=== Data excerpt ===

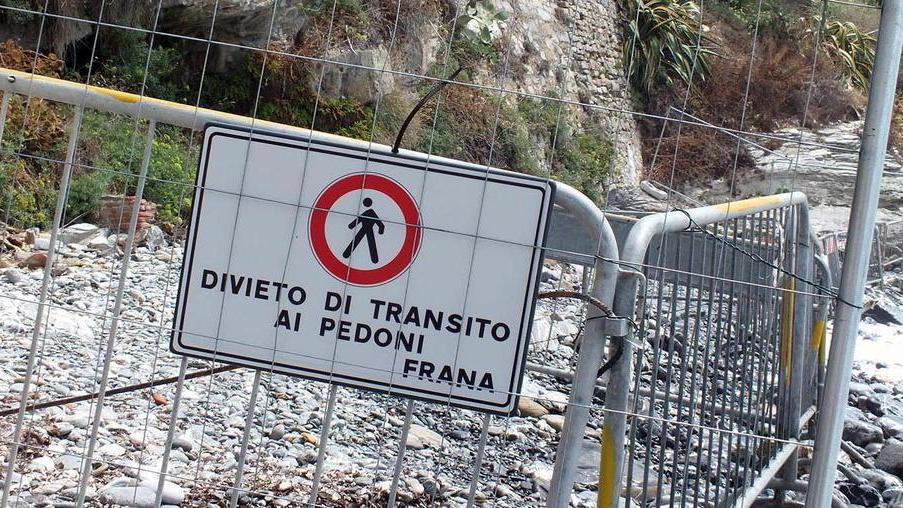 Piazza Bovio, presto i lavori ma niente spiaggia in estate
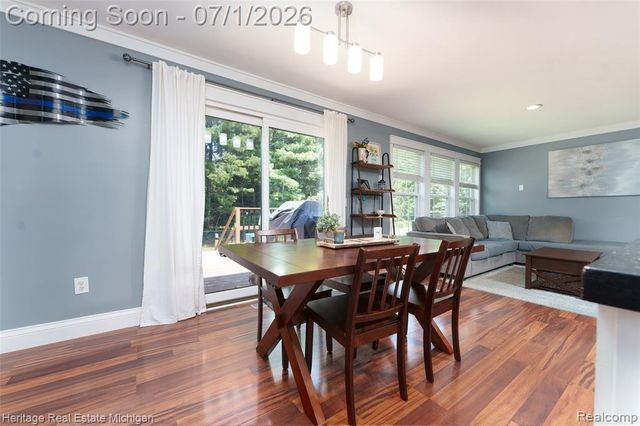 319 E Diamond Way, Morrice, MI 48857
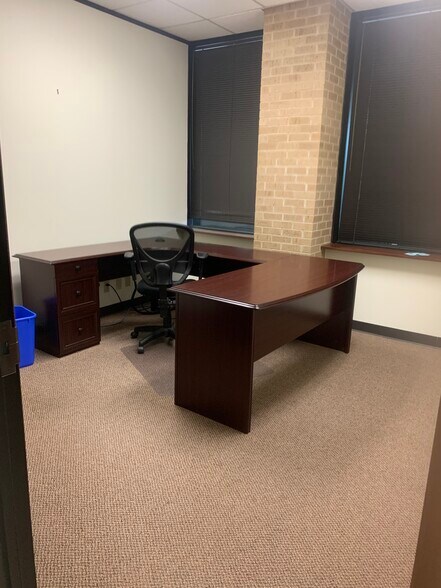 More Photos Of 9300 Jollyville Rd, Austin Office For Lease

===

● Action item
The whole listing above, word for word: repeat it with the pictures excluded.

● Written answer
 Piazza Bovio, presto i lavori ma niente spiaggia in estate
 319 E Diamond Way, Morrice, MI 48857
 More Photos Of 9300 Jollyville Rd, Austin Office For Lease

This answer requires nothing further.